Het was na een geweldige avond op een klein festival in de zomer van 2001. Ik had aardig wat gedronken en gerookt; ik wist eigenlijk wel dat ik de volgende ochtend redelijk brak wakker zou worden. Maar goed, dat doe je als je jong bent, niet waar? Ik was 20 en had net een vriendje.
We sliepen bij zijn ouders thuis, want dat was praktisch gezien het festival dat daar in de buurt werd gehouden. Het was 5 uur in de ochtend toen ik wakker werd, omdat mijn hart zich gedroeg alsof ik aan het sporten was. Ik herkende het gevoel, want ik had die snelle hartkloppingen wel vaker gevoeld en altijd ging het wel weer weg. Gek genoeg ben ik weer in slaap gevallen en werd later in de ochtend wakker en had nog steeds dat rare snelle kloppen in mijn borst.
Onder de douche bij mijn (tegenwoordig ;-)) schoonouders viel ik flauw. Mijn vriend (nu echtgenoot ;-)) kon mij nog net overeind houden. Dit was niet ok. Toch was ik niet bang. Ik vond het vooral vervelend en wilde dat het zou stoppen. Misschien zou het overgaan als ik eerst wat ging ontbijten.
Aan het ontbijt was mijn schoonmoeder diegene die meteen zei dat ik een dokter moest zien. 'Dingen met je hart moet je altijd serieus nemen', zei zij. Meer dan een beschuit en een kop thee heb ik niet gegeten, ik was slap en voelde me helemaal niet lekker.
Bij een dienstdoende huisarts (in die tijd bestond er nog geen huisartsenpost) in het dorp waar mijn schoonouders wonen, kon ik vlot terecht. De beste man snapte er niets van. Hij voelde dat mijn hartslag niet regelmatig was en vooral dat het heel vlug was. Hij probeerde door het tijdelijk dichtdrukken van een van de halsslagaders het hart in een normaal ritme te krijgen, maar wat hij ook probeerde, het lukte niet. De huisarts stuurde mij door naar de Eerste Harthulp met het vermoeden van een hartritmestoornis.
In het ziekenhuis bij de Eerste Harthulp werd het vermoeden bevestigd; ik had last van boezemfibrilleren. Heel raar vonden de cardiologen het, want ik had er de leeftijd niet voor. Het kwam wel eens voor, maar niet zo vaak. Het hartritme werd gecorrigeerd door middel van een Tambocor infuus, een zogeheten chemische cardioversie.

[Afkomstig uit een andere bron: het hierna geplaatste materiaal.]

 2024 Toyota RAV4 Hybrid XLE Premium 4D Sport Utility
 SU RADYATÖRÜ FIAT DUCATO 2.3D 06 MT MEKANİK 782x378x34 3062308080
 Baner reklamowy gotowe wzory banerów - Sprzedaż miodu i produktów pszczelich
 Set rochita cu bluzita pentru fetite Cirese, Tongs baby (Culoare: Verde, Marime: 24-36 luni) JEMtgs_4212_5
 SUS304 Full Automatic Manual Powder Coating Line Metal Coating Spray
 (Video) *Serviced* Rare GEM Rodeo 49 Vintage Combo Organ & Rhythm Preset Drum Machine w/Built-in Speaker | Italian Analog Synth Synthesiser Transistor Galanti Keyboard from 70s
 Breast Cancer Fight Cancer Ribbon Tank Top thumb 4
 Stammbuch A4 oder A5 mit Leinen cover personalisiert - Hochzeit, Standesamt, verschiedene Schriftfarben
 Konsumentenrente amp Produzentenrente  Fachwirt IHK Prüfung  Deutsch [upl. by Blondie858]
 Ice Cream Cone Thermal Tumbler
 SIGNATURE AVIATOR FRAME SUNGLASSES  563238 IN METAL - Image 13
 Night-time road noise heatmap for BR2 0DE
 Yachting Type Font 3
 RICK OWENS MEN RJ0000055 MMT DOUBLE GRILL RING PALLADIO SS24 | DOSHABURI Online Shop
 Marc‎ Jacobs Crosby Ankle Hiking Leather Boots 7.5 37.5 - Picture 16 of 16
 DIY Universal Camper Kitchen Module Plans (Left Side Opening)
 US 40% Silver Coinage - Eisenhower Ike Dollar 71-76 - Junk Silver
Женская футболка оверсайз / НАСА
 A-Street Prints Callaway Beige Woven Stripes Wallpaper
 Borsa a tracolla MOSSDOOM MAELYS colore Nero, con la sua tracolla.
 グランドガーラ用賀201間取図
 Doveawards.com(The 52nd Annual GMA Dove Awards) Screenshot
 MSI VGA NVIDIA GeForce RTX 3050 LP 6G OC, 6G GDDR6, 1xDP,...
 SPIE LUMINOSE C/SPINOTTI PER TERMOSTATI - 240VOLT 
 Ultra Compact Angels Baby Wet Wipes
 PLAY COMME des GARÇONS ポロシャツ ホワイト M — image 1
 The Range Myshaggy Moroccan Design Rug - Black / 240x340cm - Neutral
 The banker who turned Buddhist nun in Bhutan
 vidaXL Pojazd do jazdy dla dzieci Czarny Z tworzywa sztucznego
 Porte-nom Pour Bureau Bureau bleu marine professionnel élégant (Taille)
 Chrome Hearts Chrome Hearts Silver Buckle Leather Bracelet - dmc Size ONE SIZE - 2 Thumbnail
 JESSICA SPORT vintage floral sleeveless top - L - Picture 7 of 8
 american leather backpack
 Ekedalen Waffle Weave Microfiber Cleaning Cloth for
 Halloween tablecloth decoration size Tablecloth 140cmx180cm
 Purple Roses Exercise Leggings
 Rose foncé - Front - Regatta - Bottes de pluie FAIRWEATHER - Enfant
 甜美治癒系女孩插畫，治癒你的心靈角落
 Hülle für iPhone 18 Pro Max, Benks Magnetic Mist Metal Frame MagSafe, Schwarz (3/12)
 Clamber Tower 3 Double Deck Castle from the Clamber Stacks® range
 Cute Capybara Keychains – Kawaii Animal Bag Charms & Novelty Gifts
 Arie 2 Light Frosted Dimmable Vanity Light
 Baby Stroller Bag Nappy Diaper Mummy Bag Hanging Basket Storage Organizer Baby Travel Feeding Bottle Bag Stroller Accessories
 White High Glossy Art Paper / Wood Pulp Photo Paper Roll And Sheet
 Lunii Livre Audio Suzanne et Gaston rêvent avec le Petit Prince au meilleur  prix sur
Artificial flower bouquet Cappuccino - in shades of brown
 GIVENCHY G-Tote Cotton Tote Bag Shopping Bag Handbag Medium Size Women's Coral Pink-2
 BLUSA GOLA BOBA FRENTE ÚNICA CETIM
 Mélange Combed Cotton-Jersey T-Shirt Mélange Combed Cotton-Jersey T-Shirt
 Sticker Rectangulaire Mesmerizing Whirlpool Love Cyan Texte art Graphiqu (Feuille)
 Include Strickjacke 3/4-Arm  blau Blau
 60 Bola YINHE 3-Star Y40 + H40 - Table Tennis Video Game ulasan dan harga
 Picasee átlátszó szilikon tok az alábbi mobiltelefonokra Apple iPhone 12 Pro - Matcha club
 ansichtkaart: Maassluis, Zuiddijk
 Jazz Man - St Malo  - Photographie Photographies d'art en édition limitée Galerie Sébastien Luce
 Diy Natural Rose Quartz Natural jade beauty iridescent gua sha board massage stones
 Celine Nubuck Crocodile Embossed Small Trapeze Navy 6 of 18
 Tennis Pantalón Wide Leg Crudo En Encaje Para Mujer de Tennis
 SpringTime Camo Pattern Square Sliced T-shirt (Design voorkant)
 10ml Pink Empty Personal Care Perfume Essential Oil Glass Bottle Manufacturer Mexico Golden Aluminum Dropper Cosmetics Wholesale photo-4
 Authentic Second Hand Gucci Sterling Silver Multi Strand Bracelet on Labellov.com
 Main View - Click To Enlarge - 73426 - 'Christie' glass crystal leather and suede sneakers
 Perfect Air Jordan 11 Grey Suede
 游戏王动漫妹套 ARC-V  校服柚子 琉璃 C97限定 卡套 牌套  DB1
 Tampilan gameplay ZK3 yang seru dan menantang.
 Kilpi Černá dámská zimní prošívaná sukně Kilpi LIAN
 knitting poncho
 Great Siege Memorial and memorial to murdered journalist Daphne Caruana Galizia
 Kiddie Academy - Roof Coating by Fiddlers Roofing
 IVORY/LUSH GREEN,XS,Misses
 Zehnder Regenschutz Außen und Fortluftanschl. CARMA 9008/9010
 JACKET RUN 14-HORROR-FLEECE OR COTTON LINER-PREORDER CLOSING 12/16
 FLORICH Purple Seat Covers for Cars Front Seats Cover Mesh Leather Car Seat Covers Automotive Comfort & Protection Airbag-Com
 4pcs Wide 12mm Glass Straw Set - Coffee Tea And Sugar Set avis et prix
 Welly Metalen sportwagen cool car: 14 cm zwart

Vrij vlot had ik weer een normaal hartritme en ik voelde mij eigenlijk meteen al een stuk beter. Wel behoorlijk vermoeid, maar het onrustige gevoel was in ieder geval weg. Er werden afspraken gemaakt voor onderzoeken naar de oorzaak van het ontstaan van het boezemfibrilleren.
Een aantal dagen na de chemische cardioversie belandde ik weer bij de Eerste Harthulp; ik had het gevoel dat het boezemfibrilleren terug was. Het boezemfibrilleren was er niet, maar er waren wel andere kleine afwijkingen te zien, die onschuldig waren en niets te betekenen hadden. Ik kreeg een bètablokker mee naar huis om te voorkomen dat het hartritme weer van slag raakte.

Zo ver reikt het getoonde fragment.